Dieser Befund ist der Ausgangspunkt des Psalmen-Projekts von Dennis Thies: die Frage nach der (Nicht)-Verankerung unserer Existenz in einem metaphysischen Halt. Es wäre vermessen zu glauben, dass die Kunst die Lücke füllen könnte, die der Verlust der Religion hinterlassen hat – zumal das Gefühl des Verlusts meist schon gar nicht mehr aufkommt, da es mit der Reizüberflutung in der heutigen Mediengesellschaft und der täglichen Überdosis von abertausend Bildern, Informationen und Ablenkungen permanent übertönt und überblendet wird.

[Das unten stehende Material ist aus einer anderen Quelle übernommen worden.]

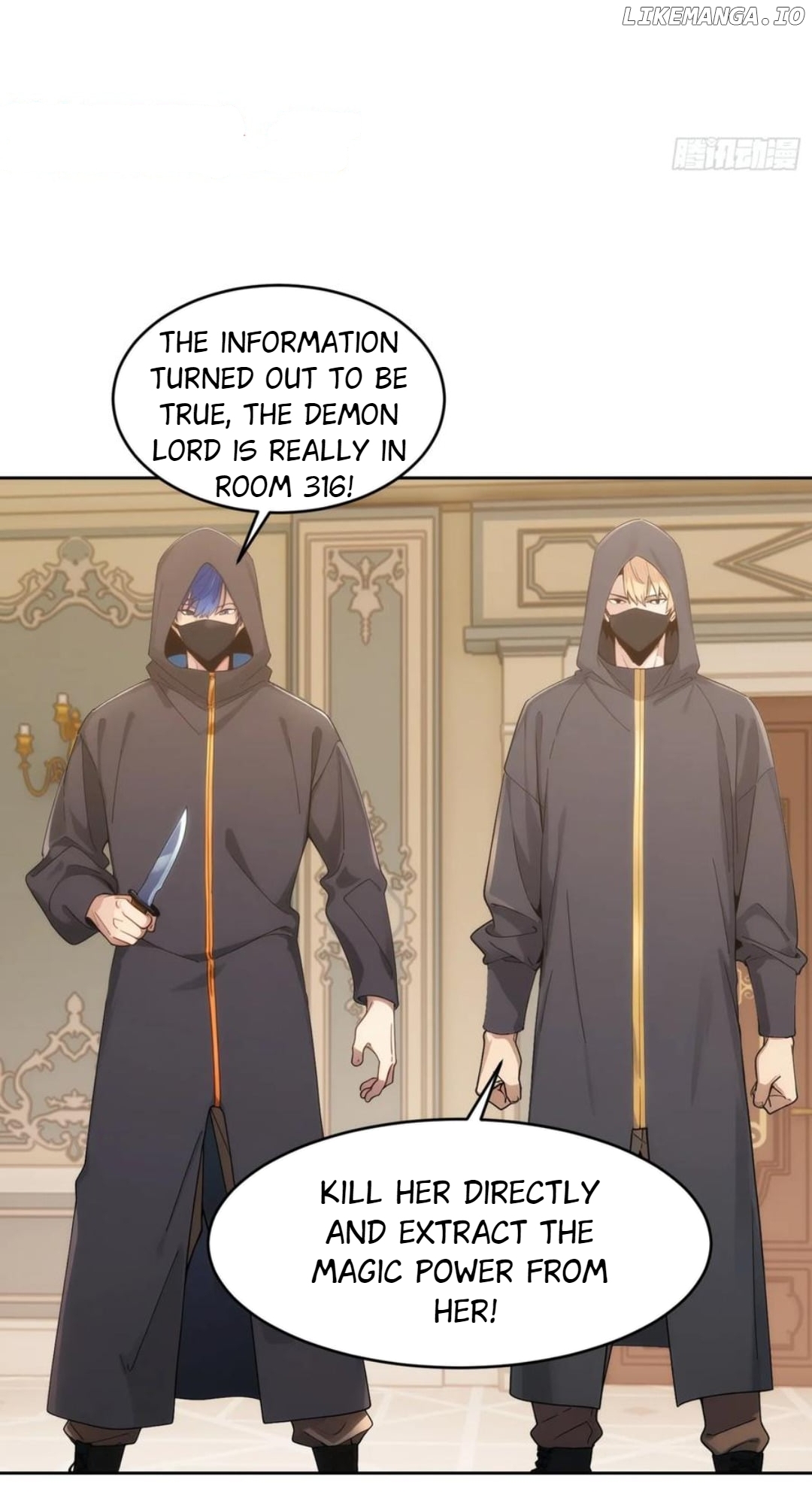 Worker Rebrith: Master of Martial Arts Chapter 23 - page 13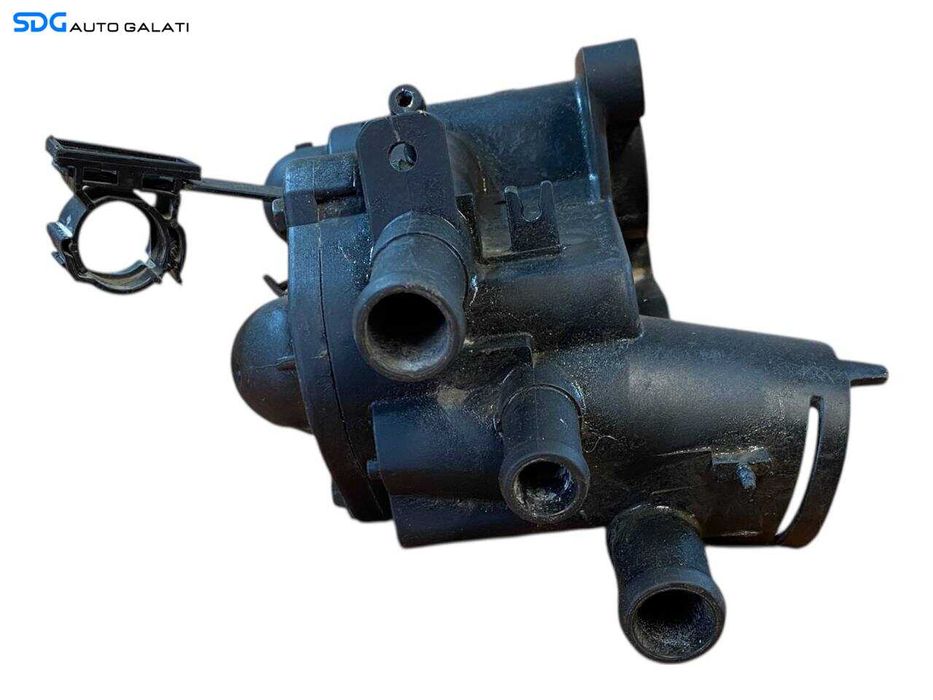 Corp Carcasa Termostat Volkswagen Golf 4 1.4 B 1998 - 2006 Cod 032121111NQ [L8357]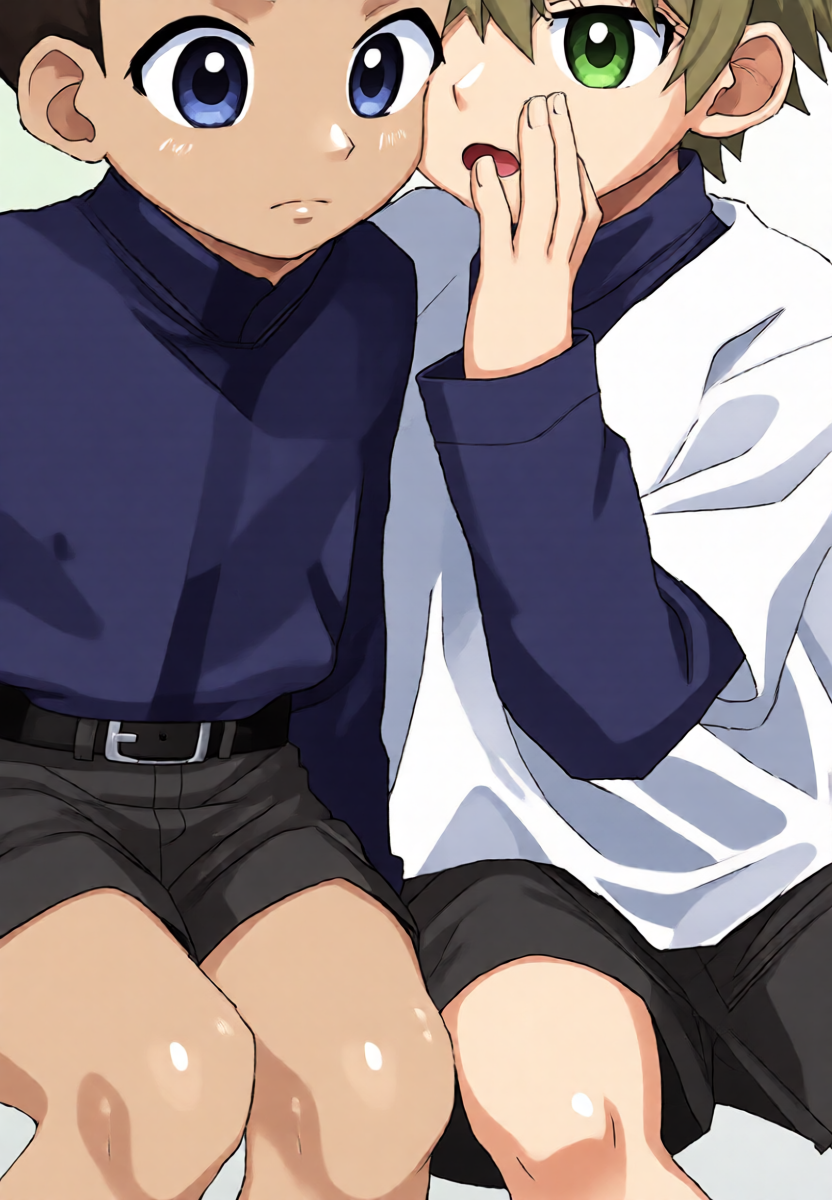(ENDLESS×HUNTER 2) [YKKS Hamburg (Hirakawa)] Hitori ja Dekinai, Koto. 2 (Hunter x Hunter)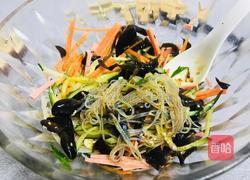 东北大拌凉菜的做法图解12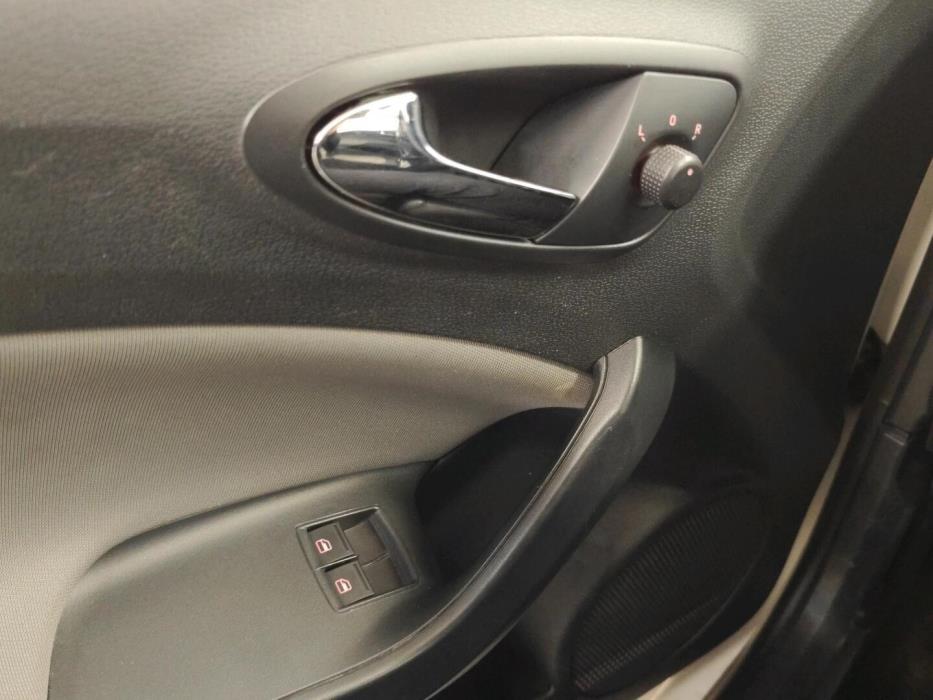 SEAT Ibiza 2015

Die 150 Bilder sind in einer unkonventionellen Weise gemalt, meist flach am Boden ausgelegt. Thies hat die Farbe geschüttet, mit Tüchern oder den Händen verteilt, sie zum Fließen gebracht, verwischt oder abgeklatscht ¬¬– nur das traditionelle Werkzeug des Pinsels kam nicht zum Einsatz. Der Pinsel ist ein Instrument des Farbauftrags, das per se Distanz zwischen Künstler und Leinwand wahrt; die Arbeitsweise von Dennis Thies hingegen ist unmittelbar, körperlich und direkt. Die Bilder sind nicht auf Spannrahmen aufgezogen und werden ungerahmt mit schlichten Nägelchen an die Wand gepinnt. Diese Präsentationsweise betont ihre Materialität, ihre physische Präsenz. Von wenigen Ausnahmen abgesehen, finden sich keine festen, klar umrissenen Formen in diesen Bildern, vielmehr wird die Farbe in ihrer Dynamik aktiviert, sie zeigt sich fließend, ausströmend, sich vermischend und in scheinbarer Veränderung befindend, manchmal wolkenhaft leicht, oft wässrig zerfließend, zuweilen zäh wie dickflüssige Lava. Beim Durchblättern des vorliegenden Werkverzeichnisses wird man unentwegt in neue, unerwartete Bildwelten versetzt: von tiefer Finsternis in helles Licht, von grauer Tristesse in heitere Monochromie oder in den Exzess dramatischer Farbkontraste. Allein mit den Mitteln der Farbe und des Farbauftrags gelingt es Thies, der Fülle der existenziellen Situationen und Emotionen, von denen die Psalmen handeln, mit rein künstlerischen Mitteln zu entsprechen.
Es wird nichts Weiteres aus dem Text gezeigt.